Mi sorpresa estaba justificada. El libro había pasado por mis manos meses antes. Un amigo me lo hizo llegar por si podía interesarme su publicación en Foca, la colección de libros de política que dirijo dentro del grupo editorial Akal. Lo leí y le contesté que no me interesaba en absoluto, cosa que entendió a la primera. Porque el libro era –y supongo que seguirá siendo– un bochornoso intento de autojustificación de la sangrienta y ridícula biografía del policía, que aprovecha sus páginas para retratarse como una especie de socialdemócrata pacifista e ingenuo que se vio envuelto en toda clase de episodios tristísimos nada más que por su mala cabeza.
Devolví el original con mucho cuidado, dejando constancia de que, si alguna vez el señor Amedo se decidiera a contar algo parecido a la verdad de su vida, tendría en mí al más feliz de los editores. Pero que, en el ínterin, no contara conmigo para aderezar sus milongas.
Por lo que leo en El País, Amedo acabó encontrando un editor más desenvuelto que yo, que le convenció de que el libro era en efecto un pestiño infumable, pero que podía redimirse con un capítulo final, escrito para la ocasión, en el que soltara unas cuantas lindezas sobre los personajes de postín, desgraciados o desgraciables, con los que hubo de relacionarse en sus tiempos de arrepentido de lujo. A lo que Amedo –que o poco lo conozco o seguro que está atravesando por una de sus muy recurrentes fases de falta de liquidez– dijo que sí, que lo que haga falta, que lo que tú me digas, jefe. Y ya tenemos un hermoso panorama de reuniones entre Garzón, Álvarez Cascos, Pedro J. y el propio Amedo, todos al alimón.
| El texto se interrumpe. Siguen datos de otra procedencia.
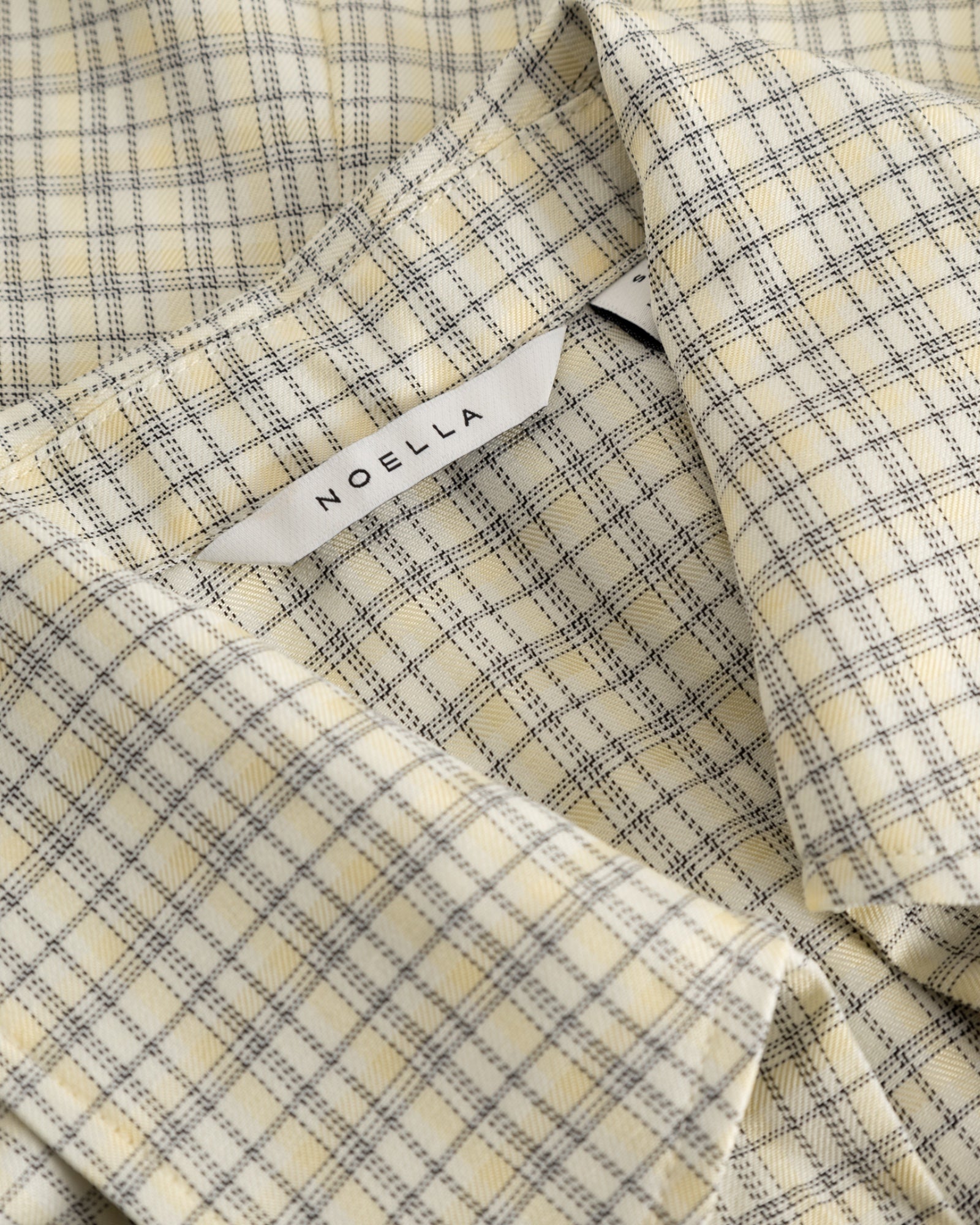 Noella N-Miko bluse til kvinder i gul tern, let og stilfuld top med frisk checkmønster og moderne pasform.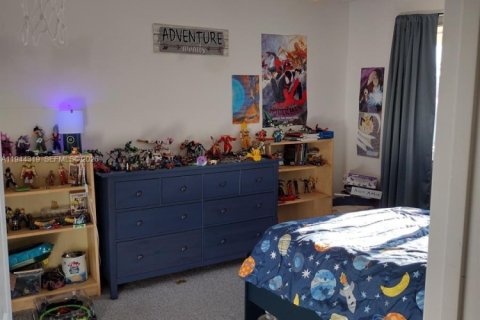 Casa en venta en Davie, Florida, 4 dormitorios, 224.64 m2 № 2001032 - foto 19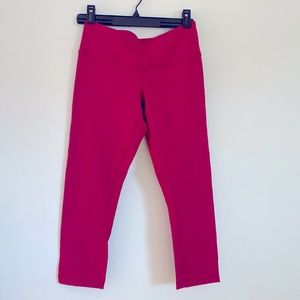 Lululemon crop pants, size 6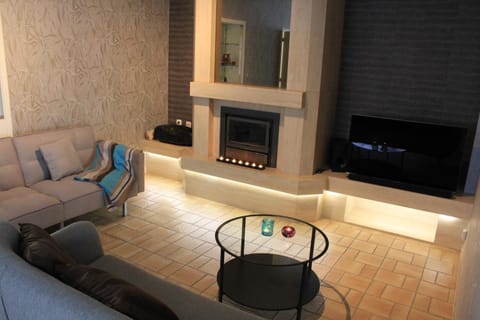 TV and multimedia, Living room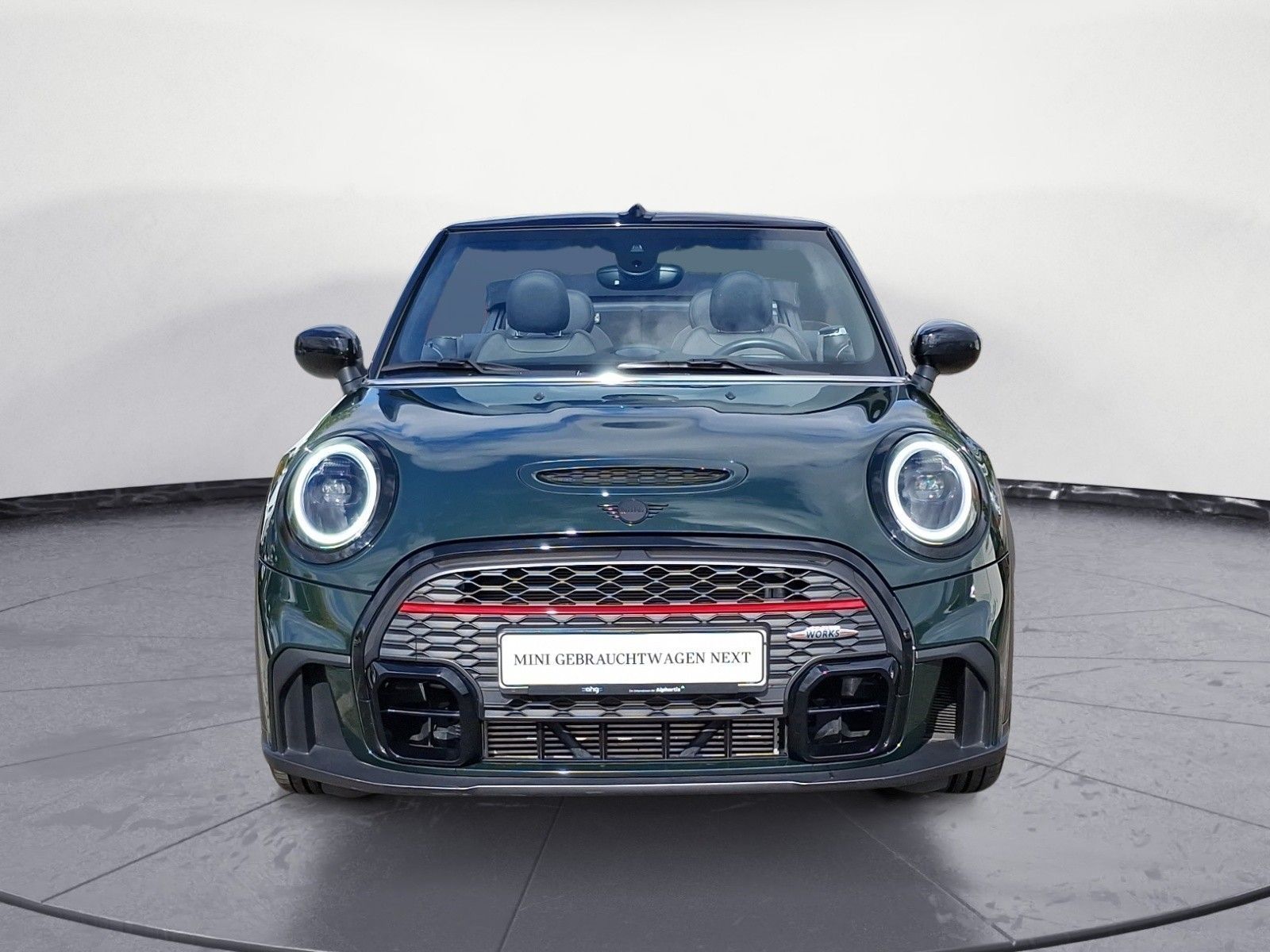 Mini JOHN COOPER WORKS CABRIO 2022 г. Зелёный, пробег 31600 км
Por lo que yo sé, todos ellos tuvieron encuentros informales en diferentes ocasiones –y no veo por qué no habrían de hacerlo, exceptuando al juez, que debería haberse abstenido–, aunque para mí que nunca se encontraron en asamblea conjunta. Pero da lo mismo. Tampoco estoy en condiciones de desmentir que Pedro J. ofreciera a Amedo dinero por largar lo que sabía. No lo sé: por entonces yo era subdirector de El Mundo, jefe de la sección de Opinión, pero no acompañaba a Pedro J. las 24 horas del día. En todo caso, lo que me resulta más curioso es que nadie pretenda que Amedo cobrara por mentir. Lo que les escandaliza, por lo visto, es la posibilidad de que le pagaran por decir la verdad.
Leí el reportaje de El País sobre las memorias de Amedo y, cuando terminé, me pregunté: «Bueno, ¿y qué?». Nada.
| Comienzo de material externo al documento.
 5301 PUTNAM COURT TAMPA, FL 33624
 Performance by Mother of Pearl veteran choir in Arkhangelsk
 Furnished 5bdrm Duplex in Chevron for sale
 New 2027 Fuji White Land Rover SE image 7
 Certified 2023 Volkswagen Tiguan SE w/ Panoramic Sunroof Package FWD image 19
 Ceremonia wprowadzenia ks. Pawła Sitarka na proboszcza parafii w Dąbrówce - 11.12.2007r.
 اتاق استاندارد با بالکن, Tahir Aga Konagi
Coge cualquier banalidad, métela en primera página de tu diario independiente de la mañana titulándola con aire insinuante y ya tienes un escándalo. Aunque nadie esté en condiciones de aclarar en qué consiste lo escandaloso.
Otra posibilidad: espera cuatro o cinco días y añade al potaje una Carta al Director firmada por Rafael Vera en la que, con tono de cordero degollado, el menda afirma que seguro que lo que cuenta Amedo es verdad (aunque sin aportar ni un solo dato que contribuya a corroborarlo, por supuesto).
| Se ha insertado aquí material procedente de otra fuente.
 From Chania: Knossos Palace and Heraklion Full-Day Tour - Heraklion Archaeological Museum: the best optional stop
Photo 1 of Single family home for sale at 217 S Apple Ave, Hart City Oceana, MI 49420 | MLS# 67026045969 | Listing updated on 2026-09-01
A mí, lo que más gracia me ha hecho de la carta de Vera es la parte que dedica al asunto de los fondos reservados del Ministerio del Interior. ¡Cómo se rasga las vestiduras! Llegados a ese punto, sólo me queda pedirle a Vera que me libere de las obligaciones que me impone el secreto profesional en lo que a su persona se refiere y me permita contar cómo llegaron a la Redacción de El Mundo los documentos reveladores del uso abusivo de los fondos reservados de Interior.